For the past two years, Sotheby’s has hosted benefit auctions to raise money for the Ali Forney Center, a nonprofit organization in New York that aims to protect LGBTQ+ youth from homelessness. This year, art adviser Stephen Truax, a former director at Cheim & Read who helped organized last year’s auction, is partnering with David Zwirner Gallery on a similar endeavor, with proceeds again benefiting Ali Forney’s 24-hour, 365-day drop-in center. The community center provides housing, meals, healthcare, and career training to queer youth.
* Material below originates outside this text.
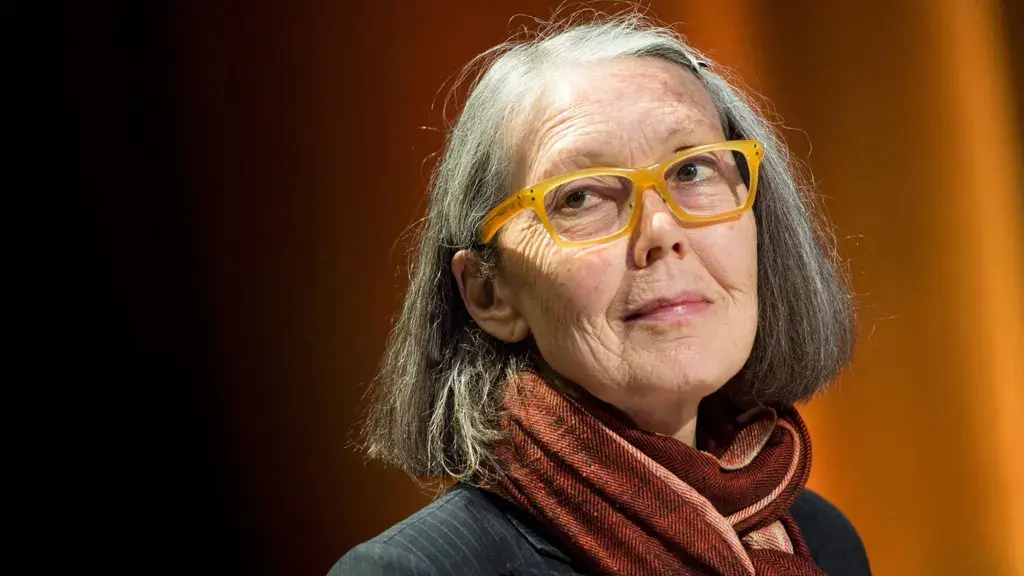 Poetja Anne Carson fiton Çmimin Nobel për Letërsi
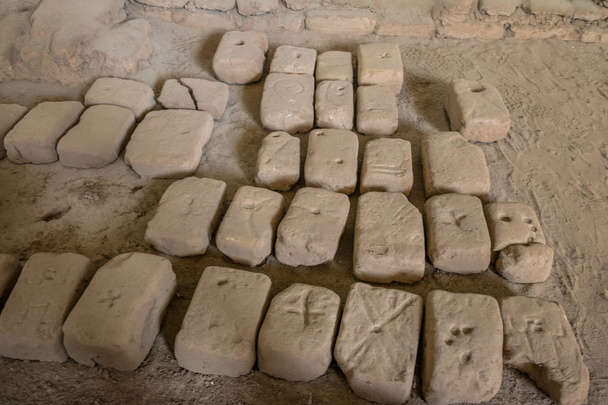 Древний резной кирпич, используемый для строительства в Huaca de la Luna археологических раскопок - Трухильо, Перу
 - Фото, изображение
The exhibition, titled “Toward the Light: Artists for the Ali Forney Center,” opens Tuesday evening at David Zwirner’s 19th Street space and will be on view through Saturday, November 1. Compared to the previous iterations at Sotheby’s—which each included six artworks by six artists—“Toward the Light” is much more robust. Truax and his collaborators at the gallery gathered 41 artworks by 38 contemporary artists. (Wolfgang Tillmans, James Welling, and Roberto Gil de Montes contributed two works each.)

“We brought in well over a million dollars in material consignments,” Truax told ARTnews, noting that the exhibition’s affiliation with Zwirner this year attracted “high-level artists who believe in the project and wanted to participate.”

A handful of the participating artists—Tillmans, Welling, Joe Bradley, Marlene Dumas, Marcel Dzama, and Suzan Frecon—are represented by Zwirner, but the rest are not affiliated with the gallery. Several of this year’s artists participated in previous iterations of the event, including Katherine Bradford, Ilana Savdie, Jenna Gribbon, and Doron Langberg, who organized the 2023 exhibition at Sotheby’s and is a close friend of Truax’s.

Truax told ARTnews that the switch from Sotheby’s to a gallery environment allows for more control over who the artworks sell to, and for how much. “You want to maintain price consistency and build confidence in the market,” Truax said. Two-thirds of the artists donated their work outright, with all the proceeds going to Ali Forney; the rest chose a 50-50 split with the nonprofit. Among the biggest names in “Toward the Light” are Julie Mehretu, Marlene Dumas, Jenna Gribbon, Jenny Holzer, Laurie Simmons, and Stanley Whitney.

One thing Truax wants to make clear: this isn’t your typical benefit exhibition full of leftover inventory and “bad works on paper,” he said, adding “for me, it’s really important for this to be a win-win-win, for the artists and the charity and the gallery.”

Below are highlights from the exhibition.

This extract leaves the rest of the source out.